La struttura del ponte è stata portata in cantiere a pezzi, solo parzialmente preassemblati, mentre i giunti, realizzati in opera, erano del tipo acciaio-acciaio. Wood Beton ha sfruttato la tecnologia che sta adottando da diversi anni: l’unione di carpenteria metallica al legno mediante l’utilizzo di resine epossidiche.

A terra sono stati assemblati 7 conci tridimensionali, in seguito assemblati uno sopra l’altro, a partire dalla cerniera in acciaio sulla quale è stata poi compiuta la rotazione del ponte.

Per consentire la sovrapposizione dei conci e la realizzazione della torre da 82 metri, è stato studiato un apposito traliccio metallico di 50 metri, che potesse fare da “rastrelliera” e da ritegno.

Per la fase di rotazione sul punto fisso, sono stati impiegati appositi argani: è stato fondamentale analizzare il giro delle funi, le taglie da porre in sommità e la stabilizzazione dei tralicci durante la discesa del ponte.

Durante la movimentazione, gli elementi del ponte sono stati sottoposti a sforzi non presenti nelle combinazioni di esercizio: progettare il ponte ha significato, quindi, modellare agli elementi finiti tutte le fasi di varo, e coordinare almeno 7 differenti strutture, relative a situazioni temporanee, appartenenti solo al periodo di costruzione.
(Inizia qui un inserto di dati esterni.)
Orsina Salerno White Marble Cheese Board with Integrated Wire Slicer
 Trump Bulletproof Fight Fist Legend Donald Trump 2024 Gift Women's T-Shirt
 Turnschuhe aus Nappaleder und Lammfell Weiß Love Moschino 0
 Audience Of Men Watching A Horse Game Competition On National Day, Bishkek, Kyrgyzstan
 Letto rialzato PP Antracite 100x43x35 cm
Le variabili in gioco erano molteplici, eppure i riscontri

in cantiere hanno dimostrato che i calcoli a tavolino, eseguiti con opportuni ragionamenti, sono stati rispettati dalla realtà di cantiere.

La Wood Beton ha sviluppato per quest’opera una progettazione globale, occupandosi non solo del dimensionamento del ponte, ma anche di quello delle fondazioni e dei tralicci provvisori. La complessità degli elementi costituenti tutto il sistema e le variabili da affrontare, necessitavano di un solo riferimento, un unico responsabile che, oltre a capacità intuitive, avesse una sufficiente esperienza ingegneristica e cantieristica.